─── STORED DATA ───

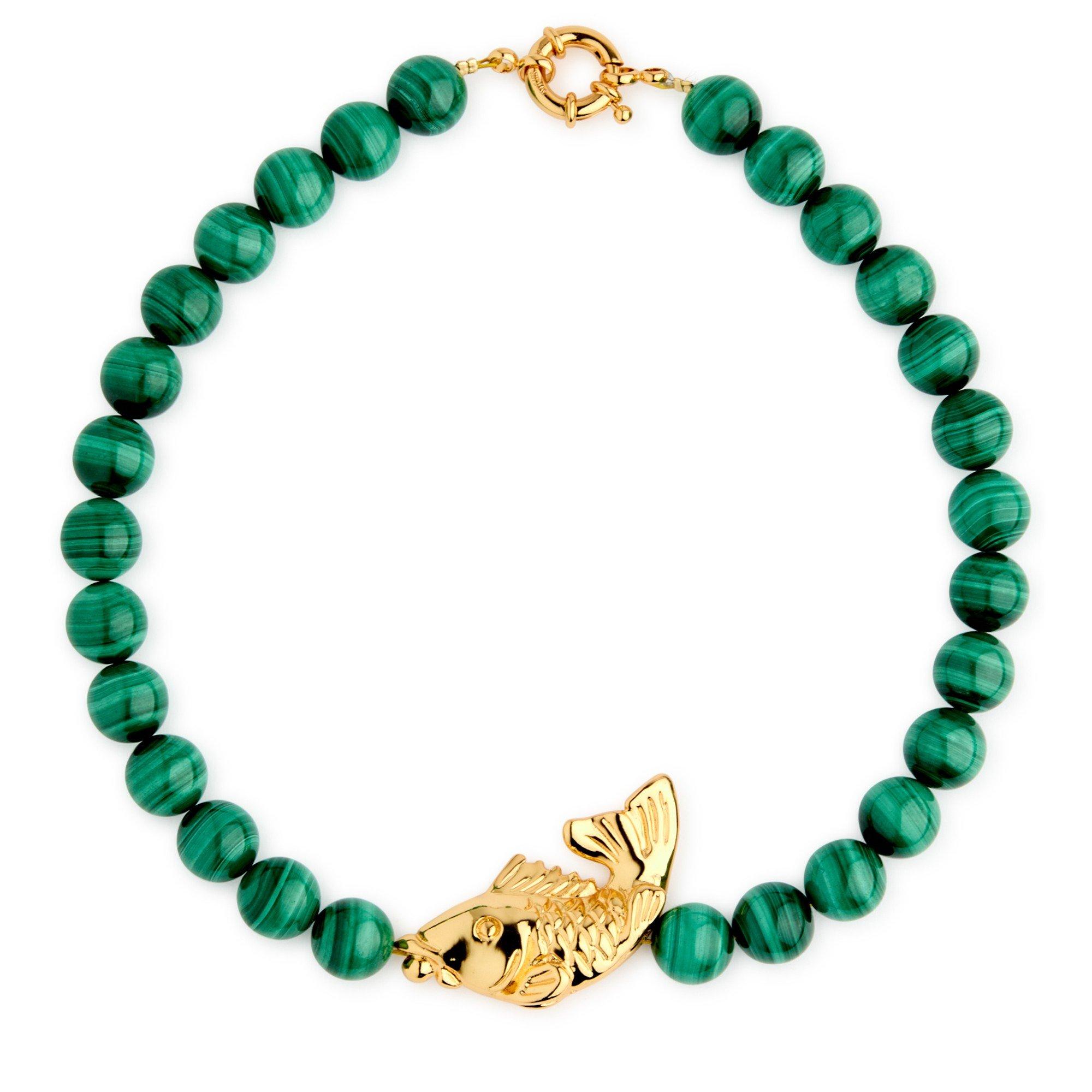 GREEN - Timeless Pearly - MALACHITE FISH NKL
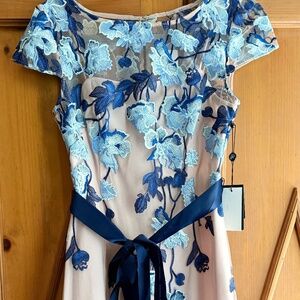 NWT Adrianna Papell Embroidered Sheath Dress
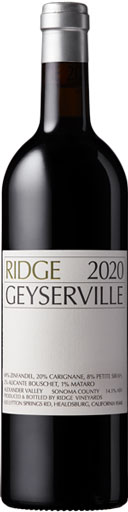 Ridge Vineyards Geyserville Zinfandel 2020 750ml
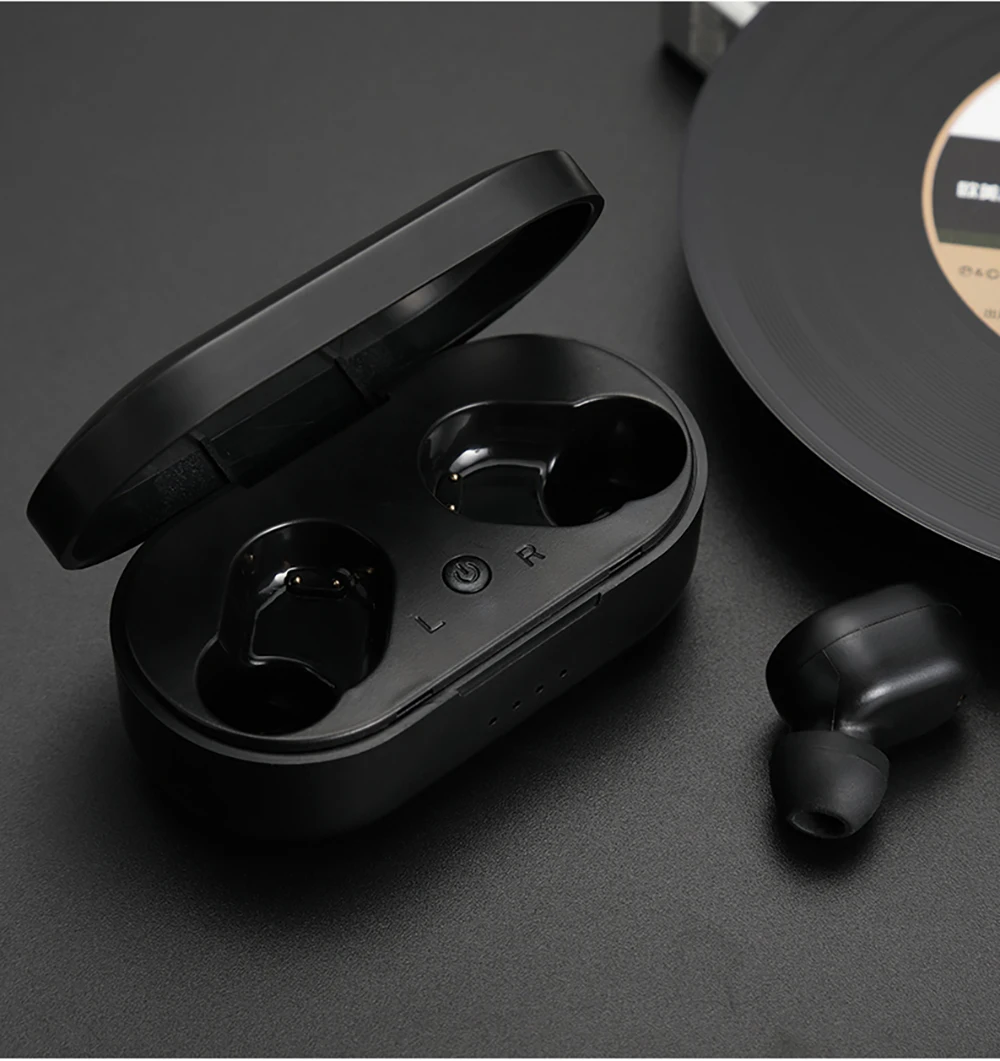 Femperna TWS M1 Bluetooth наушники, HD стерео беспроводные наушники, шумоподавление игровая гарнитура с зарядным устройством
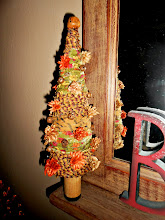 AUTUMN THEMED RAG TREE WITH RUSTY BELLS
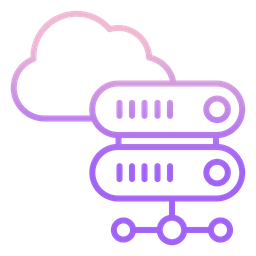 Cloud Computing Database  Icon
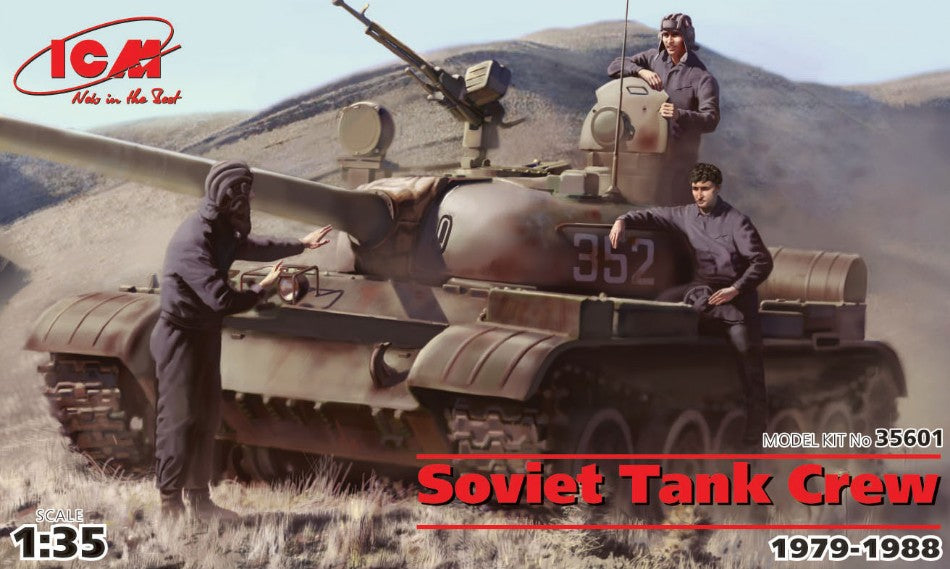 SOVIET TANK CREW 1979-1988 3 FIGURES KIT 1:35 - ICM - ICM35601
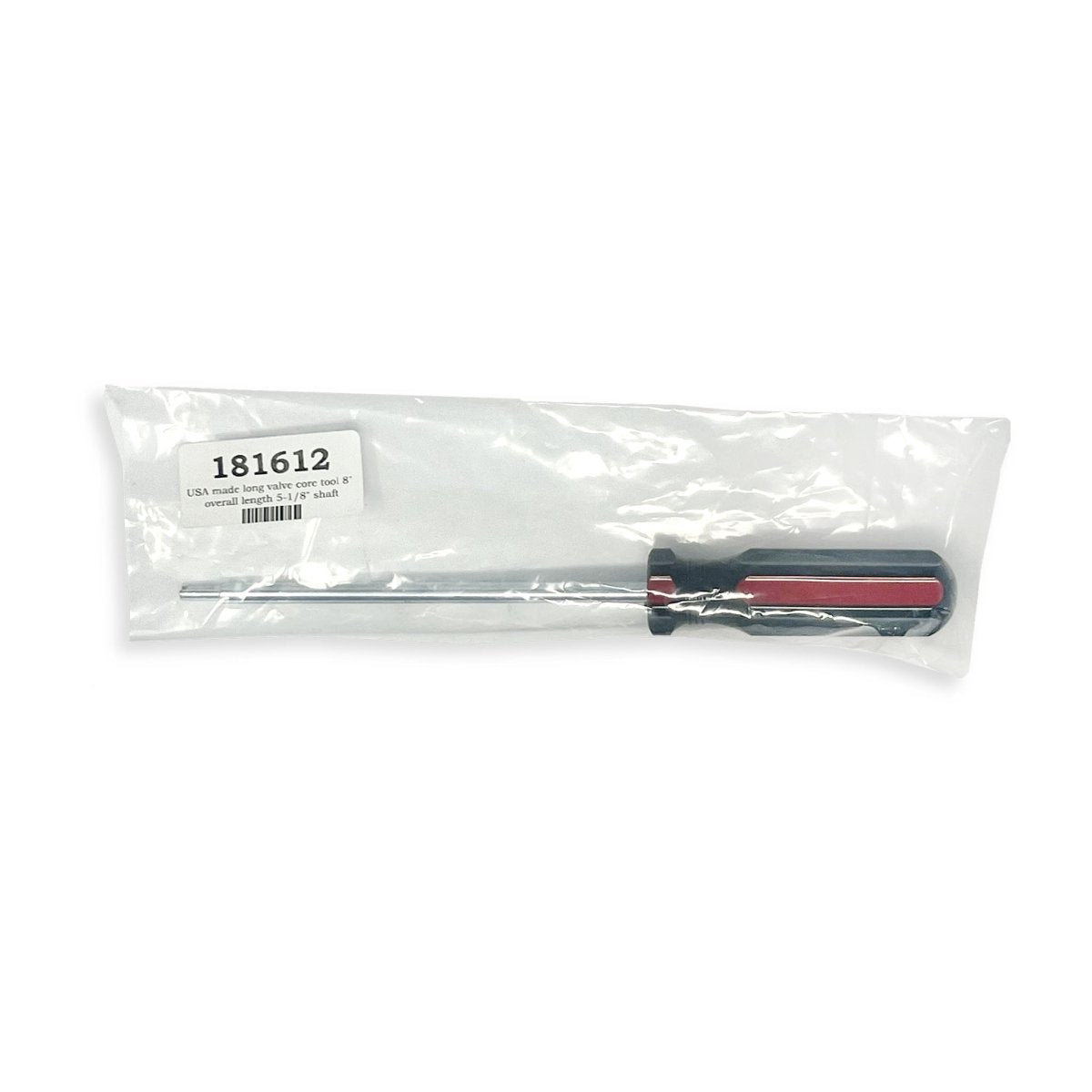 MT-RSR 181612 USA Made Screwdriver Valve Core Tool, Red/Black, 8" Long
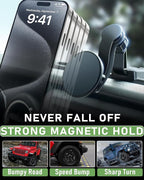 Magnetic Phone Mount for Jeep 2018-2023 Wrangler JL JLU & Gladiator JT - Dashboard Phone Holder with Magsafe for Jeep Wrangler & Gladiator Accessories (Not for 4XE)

───
─── STORED DATA ───

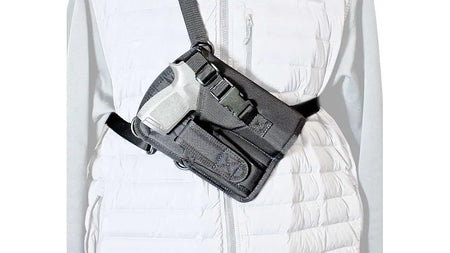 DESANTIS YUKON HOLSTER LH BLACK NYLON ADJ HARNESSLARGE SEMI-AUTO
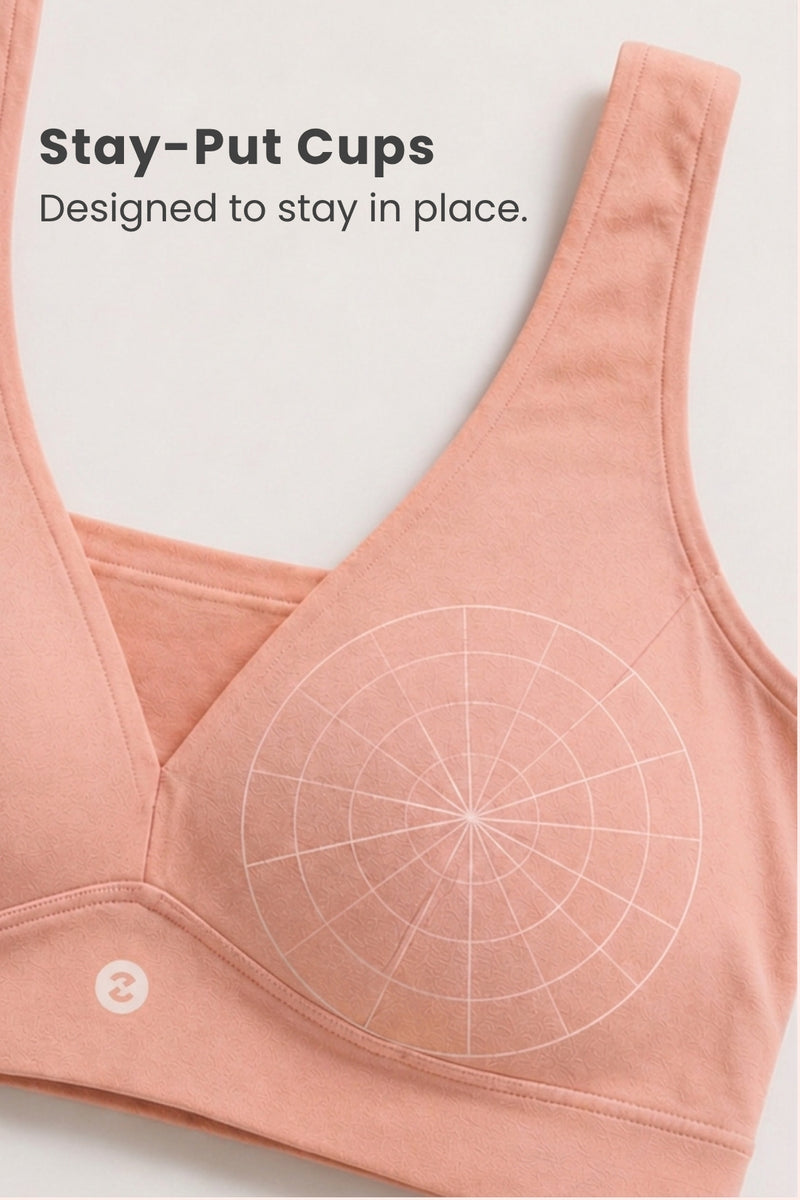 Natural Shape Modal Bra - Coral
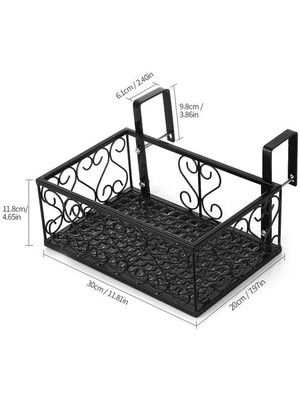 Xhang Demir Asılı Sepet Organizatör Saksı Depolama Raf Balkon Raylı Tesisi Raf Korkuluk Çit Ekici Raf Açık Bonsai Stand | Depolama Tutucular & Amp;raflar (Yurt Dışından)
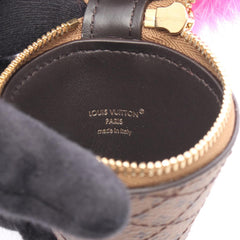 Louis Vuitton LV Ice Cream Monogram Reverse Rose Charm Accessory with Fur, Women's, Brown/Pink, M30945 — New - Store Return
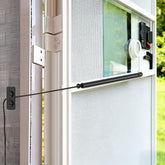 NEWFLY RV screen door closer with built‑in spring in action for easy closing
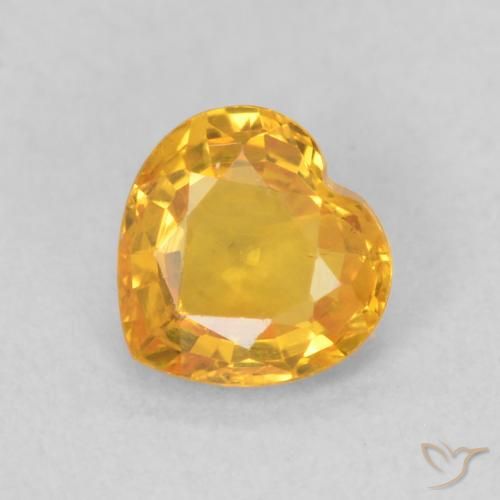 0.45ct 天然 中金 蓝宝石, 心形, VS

───

WHAT THE TASK ASKS: Print exactly the lines above that run from the one with "Natural Shape Modal Bra - Coral" to the one with "Xhang Demir Asılı", both included. No pictures.

RESULT OF THIS EXERCISE:
 Natural Shape Modal Bra - Coral
 Xhang Demir Asılı Sepet Organizatör Saksı Depolama Raf Balkon Raylı Tesisi Raf Korkuluk Çit Ekici Raf Açık Bonsai Stand | Depolama Tutucular & Amp;raflar (Yurt Dışından)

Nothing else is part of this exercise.